Conduits have lots of power in terms of how you can interleave monadic
effects with the streaming; but I found that I had a stream with no
effects at all and I wanted to convert it back into haskells more
simplistic representation, lazy lists.

This is probably a well-known trick, but I couldn't find how to do this
from googling, so here is the solution I found in case it helps
someone else:

> {-# LANGUAGE DeriveDataTypeable, FlexibleContexts  #-}
> module Main where 
> import Data.Conduit
> import Control.Monad.Catch
> import Control.Monad.Trans.Resource
> import Control.Monad.Writer
> import Control.Monad.Identity
> import qualified Data.Conduit.List as CL
> import Data.Typeable
> source123Error :: Monad m => Source m Int
> source123Error = do
>  yield 1
>  yield 2
>  yield 3
>  error "error"

A source which produces some data and then hangs, to test lazy production. 

One solution which doesn't work is CL.consume (as its own docs say) - and instead this happens:

*Main> :t runIdentity (source123Error $$ CL.consume)
runIdentity (source123Error $$ CL.consume) :: [Int]
*Main> runIdentity (source123Error $$ CL.consume)
*** Exception: error

But what we can do instead is push the data out via the Writer monad:

> tellEverything :: MonadWriter [a] m => Sink a m ()
> tellEverything = awaitForever (\x -> tell [x])

*Main> :t source123Error $$ tellEverything
source123Error $$ tellEverything :: MonadWriter [Int] m => m ()
*Main> snd $ runWriter (source123Error $$ tellEverything)
[1,2,3*** Exception: error

Success! A lazily produced list.

If your output is of any size - and depending on the compositions
pattern in your code - it may be much faster to use this version:

> tellEveryEndo :: MonadWriter (Endo [a]) m => Sink a m ()
> tellEveryEndo = awaitForever (\x -> tell (Endo (x:)))

*Main> ($[]) . appEndo . snd . runWriter $ (source123Error $$ tellOne)
[1,2,3*** Exception: error

I found a further case where the Conduit I was trying to run was pure
but had a 'MonadThrow' constraint. You can use the same approach here,
using the ExceptionT transformer to satisfy the MonadThrow constraint.

> data MyError = MyError deriving (Show,Typeable)
> instance Exception MyError
> source123Throw :: MonadThrow m => Source m Int
> source123Throw = do
> yield 1
> yield 2
> yield 3
> throwM MyError

*Main Control.Monad.Except Control.Monad.Trans.Resource> snd . runWriter . runExceptionT $ (source123Error $$ tellEverything)
[1,2,3*** Exception: error
*Main Control.Monad.Except Control.Monad.Trans.Resource> snd . runWriter . runExceptionT $ (source123Throw $$ tellEverything)
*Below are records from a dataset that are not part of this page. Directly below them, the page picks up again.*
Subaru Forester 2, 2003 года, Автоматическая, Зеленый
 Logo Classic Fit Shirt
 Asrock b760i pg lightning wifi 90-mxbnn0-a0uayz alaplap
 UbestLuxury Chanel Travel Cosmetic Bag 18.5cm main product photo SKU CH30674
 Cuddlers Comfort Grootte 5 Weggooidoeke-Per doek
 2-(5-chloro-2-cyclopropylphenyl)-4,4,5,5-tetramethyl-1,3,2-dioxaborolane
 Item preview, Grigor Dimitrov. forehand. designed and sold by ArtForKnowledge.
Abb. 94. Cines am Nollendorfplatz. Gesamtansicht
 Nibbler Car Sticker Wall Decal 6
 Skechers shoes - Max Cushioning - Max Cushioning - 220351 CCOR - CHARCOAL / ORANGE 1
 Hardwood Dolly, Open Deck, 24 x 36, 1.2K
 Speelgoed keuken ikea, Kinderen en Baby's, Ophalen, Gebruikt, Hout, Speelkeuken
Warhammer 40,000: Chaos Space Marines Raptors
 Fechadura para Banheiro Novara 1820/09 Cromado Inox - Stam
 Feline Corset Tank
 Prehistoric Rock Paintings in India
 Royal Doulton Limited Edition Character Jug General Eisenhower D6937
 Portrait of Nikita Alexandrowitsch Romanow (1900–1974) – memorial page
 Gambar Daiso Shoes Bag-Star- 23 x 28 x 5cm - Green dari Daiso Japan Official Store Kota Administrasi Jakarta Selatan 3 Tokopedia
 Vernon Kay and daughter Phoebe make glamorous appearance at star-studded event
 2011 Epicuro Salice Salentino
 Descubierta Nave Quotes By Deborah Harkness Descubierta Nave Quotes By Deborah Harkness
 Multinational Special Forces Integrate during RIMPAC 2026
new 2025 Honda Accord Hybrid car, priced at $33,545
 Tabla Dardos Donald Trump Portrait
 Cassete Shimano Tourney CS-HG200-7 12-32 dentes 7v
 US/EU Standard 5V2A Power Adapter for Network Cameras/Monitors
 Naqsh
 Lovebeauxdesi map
An aside: I tried to measure the speed difference between the
list-mappend and Endo-mappend approaches with the following
code. count2N uses a binary-tree shaped recursion so it should be
fairly bad for list-mappend with lots of long lists on the left.

> count2N :: Monad m => Int -> Source m Int
> count2N 0 = yield 0
> count2N n = count2N (n-1) >> count2N (n-1)

> speedTest1 = print . length . snd . runWriter $ (count2N 24 $$ tellEverything)
> speedTest2 = print . length . ($[]) . appEndo . snd . runWriter $ (count2N 24 $$ tellEveryEndo)

With -O or -O2 I measure no speed difference between these, they both
take a bit over 2 seconds. With no optimisation flag, speedTest2 is
slower, 17 seconds vs 11 seconds. 

I'm quite surprised the Endo version isn't faster, it seems like
something is rewriting those list appends?